Last updated: Wed 4 Nov 2015, 7:45 AM

The American Cinematheque honored Oscar-winning actress Reese Witherspoon and DreamWorks Animation honcho Jeffrey Katzenberg at the organisation's annual fundraising gala on Friday night at the Hyatt Regency Century Plaza.
Witherspoon received the American Cinematheque Award, reserved for an extraordinary artist currently making a significant contribution to the art of the Moving Picture.
Specifically not a lifetime achievement prize, it is meant for mid-career recognition. Recent honorees have included Matthew McConaughey, Jerry Bruckheimer, Ben Stiller, Robert Downey Jr., Matt Damon and Samuel L. Jackson.

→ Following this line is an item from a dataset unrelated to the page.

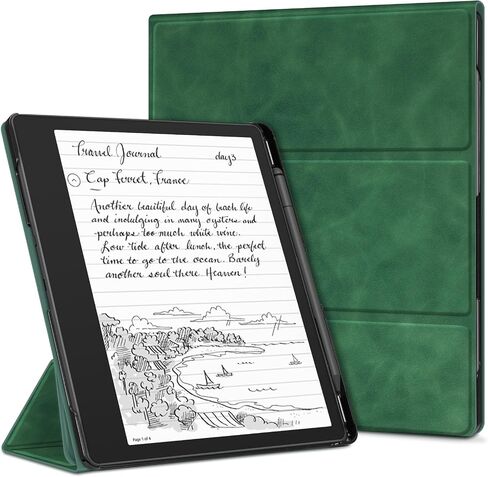 حافظة Fintie لجهاز Kindle Scribe - [حامل قلم مدمج] غطاء حامل ثلاثي الطي من جلد البولي يوريثان الممتاز مع خاصية النوم/الاستيقاظ التلقائي، متوافق مع إصدار Kindle Scribe 2022 مقاس 10.2 بوصة، أخضر ريفي in Kuwait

"This whole experience is just overwhelming and unbelievable because I'm really just a girl from Nashville who had a dream," Witherspoon said. "I grew up on backlots and on locations. I had my entire childhood on film. I went through puberty on film, which is something I don't feel totally great about, but I don't regret it at all. It's preserved forever."
She also spoke about her passion at this stage in her career for producing films that are equally representative of the sexes.
"Women are 50 per cent of the population, so we should have 50 per cent of the roles," she said.
In addition to her award-winning work in front of the camera, she has taken bold strides spearheading projects like her own starring vehicle Wild and David Fincher's Gone Girl last year, as well as the comedy Hot Pursuit with Sofia Vergara and the upcoming television series Big Little Lies with Nicole Kidman.
That sense of forthright feminism was a hallmark of comments made by friends and colleagues throughout the evening.
McConaughey, who returned the favour after Witherspoon presented the same honor to him last year, noted her "powerful femininity" and recalled, "I remember thinking when I first met her, 'This woman is nobody's fool and if she wants something she makes a straight line to it.'"
Jennifer Aniston marveled at the naturalism of Witherspoon's on-screen kisses; director Alexander Payne bristled at the notion that he put the actress on the map with 1999's Election and recounted how Barack Obama called the film his favourite movie about politics.
Kate Hudson - who called Witherspoon "a true, modern day feminist" - remembered witnessing the actress work the premiere after-party of 1991's The Man in the Moon at 15 years old "like a seasoned politician," and consistently being up for the same parts later in their careers; and Jennifer Garner spoke about a shared passion for NGO Save the Children.
Other presenters included Vergara, Laura Dern, Diane Ladd, T Bone Burnett, producing partner Bruna Papandrea and director Jean-Marc Vallee.
Chris Pine and Robert Downey Jr. sent pre-recorded well-wishes, while country music star Kenny Chesney performed a rendition of Wild Child.
Witherspoon is the first woman to win the American Cinematheque Award since Julia Roberts in 2007, and only the fifth to receive it in the gala's 29-year history.
Earlier in the evening, Katzenberg - himself a co-chair of the benefit - received the inaugural Sid Grauman Award, for an individual who has made a significant contribution to the industry in the advancement of theatrical exhibition. He, naturally, espoused the virtues of seeing films theatrically.
"In the last decade I've listened to pontificators pontificate that the movie-going experience is going to imminently disappear," he said.
"In the '50s, television was going to kill movies. In the '70s, it was home video. In the '90s, online entertainment. Today, mobile ... [but] people have continued to flock to movie theaters. And every once in a while at the end, we do something really remarkable. We applaud. We don't applaud at our televisions. We don't applaud at our iPhones and iPads. But after a great movie, we applaud. That's the power of the movie-going experience."